**GOAL OF THE EXERCISE**
Each line of the records is to be returned verbatim, with the images omitted.

*** Block opens ***

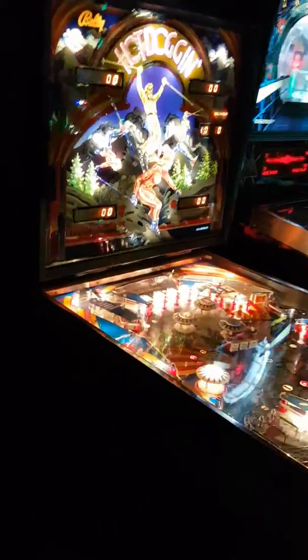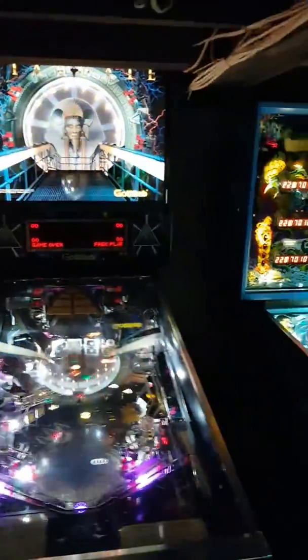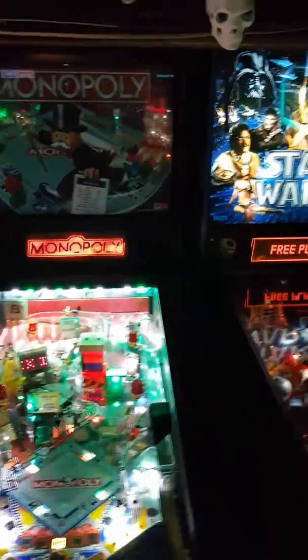I'm going to take a little video of my games room in the dark. First time I've actually hung out in my basement with the lights out, so it'll be interesting to see what it looks like. You can see some flashing already going on, probably from TX Sector. Let's check out the action. My back box light is out on Monopoly, but I should be getting the part to fix that soon.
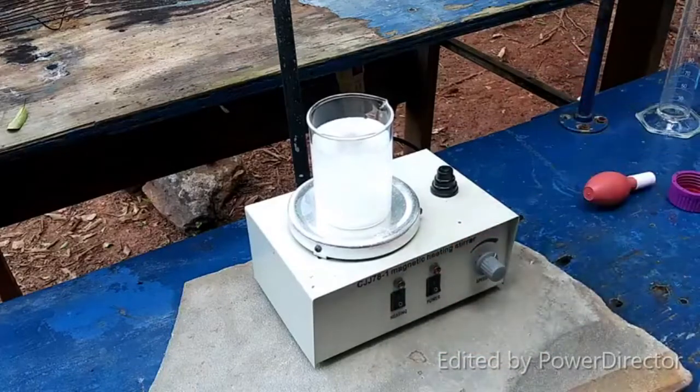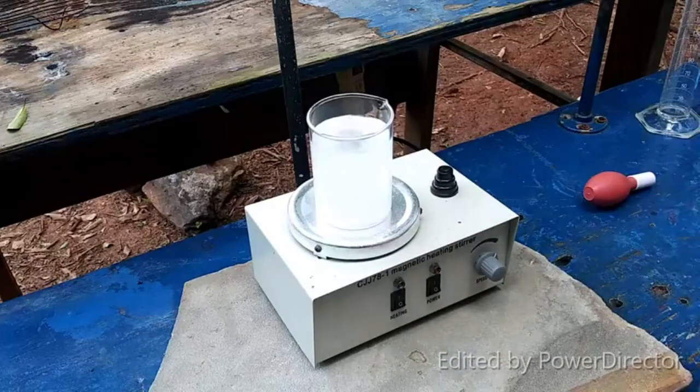Turn on the heat and we are going to let this stir until everything dissolves. Then we have to cool it down to between 40 and 50 degrees C.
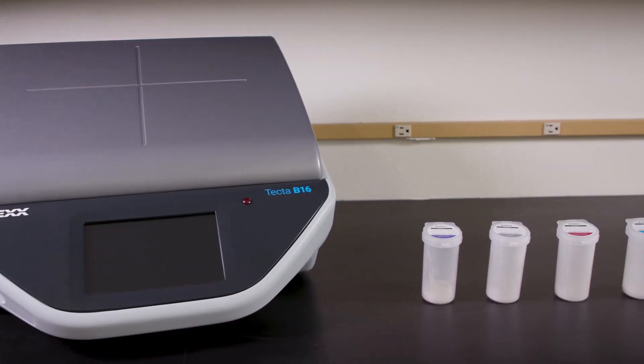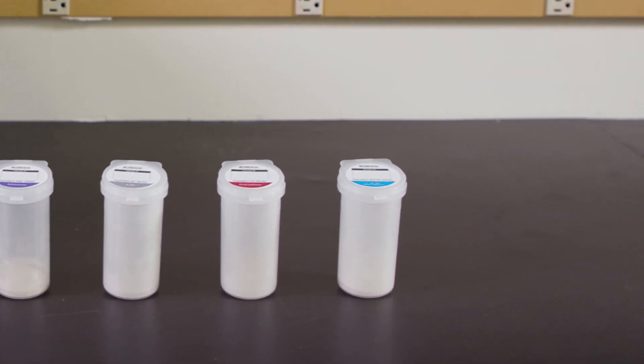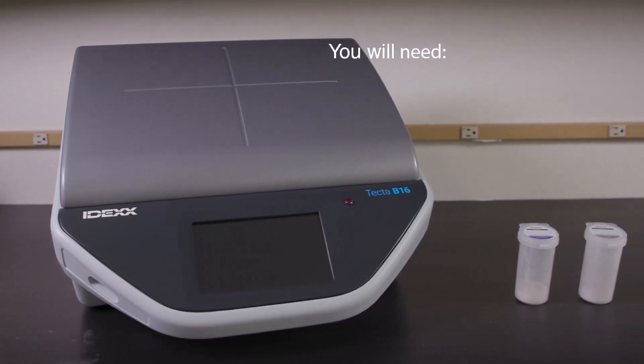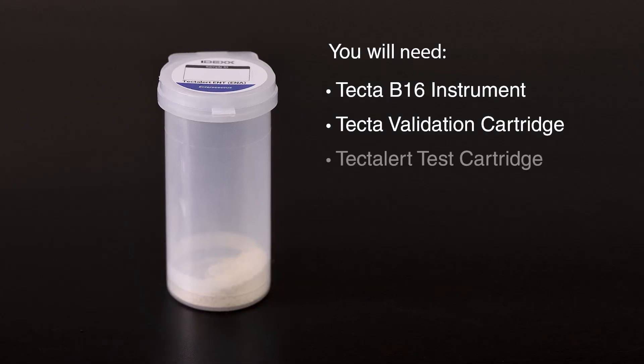In the next few minutes, you'll learn how to process a sample using the TECTA B16. In this video, we will use the TECTAlert ECTC test for the detection of total coliforms and E. coli. To process a water sample, you will need a TECTA B16 instrument, a TECTA validation cartridge, and a TECTA alert test cartridge.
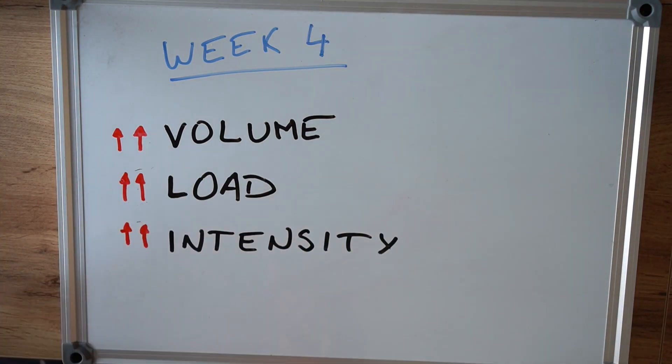For the fourth week this is where you're going to start going to failure and doing progressive overload. Progressive overload means that you're going to start lifting more than you did last time, especially on compound movements — squat, overhead press, bench press, and deadlift. For this week it should take between 60 and a maximum of 90 minutes.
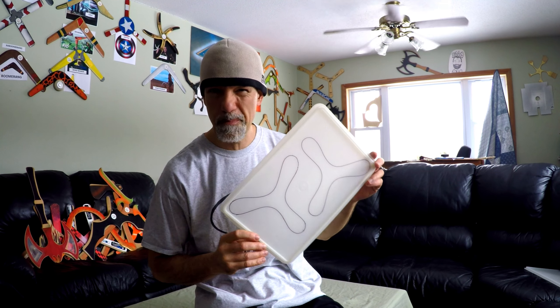Hey everybody, welcome back to Boomerangs by Vic. I'm Vic and today we're going to show you how to make a boomerang out of a piece of cover from a Tupperware dish. Everybody has Tupperware kicking around the house and they have old covers with dishes that they don't go to.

*** Block closes ***

**RESULT FOR THIS TASK**
I'm going to take a little video of my games room in the dark. First time I've actually hung out in my basement with the lights out, so it'll be interesting to see what it looks like. You can see some flashing already going on, probably from TX Sector. Let's check out the action. My back box light is out on Monopoly, but I should be getting the part to fix that soon.
Turn on the heat and we are going to let this stir until everything dissolves. Then we have to cool it down to between 40 and 50 degrees C.
In the next few minutes, you'll learn how to process a sample using the TECTA B16. In this video, we will use the TECTAlert ECTC test for the detection of total coliforms and E. coli. To process a water sample, you will need a TECTA B16 instrument, a TECTA validation cartridge, and a TECTA alert test cartridge.
For the fourth week this is where you're going to start going to failure and doing progressive overload. Progressive overload means that you're going to start lifting more than you did last time, especially on compound movements — squat, overhead press, bench press, and deadlift. For this week it should take between 60 and a maximum of 90 minutes.
Hey everybody, welcome back to Boomerangs by Vic. I'm Vic and today we're going to show you how to make a boomerang out of a piece of cover from a Tupperware dish. Everybody has Tupperware kicking around the house and they have old covers with dishes that they don't go to.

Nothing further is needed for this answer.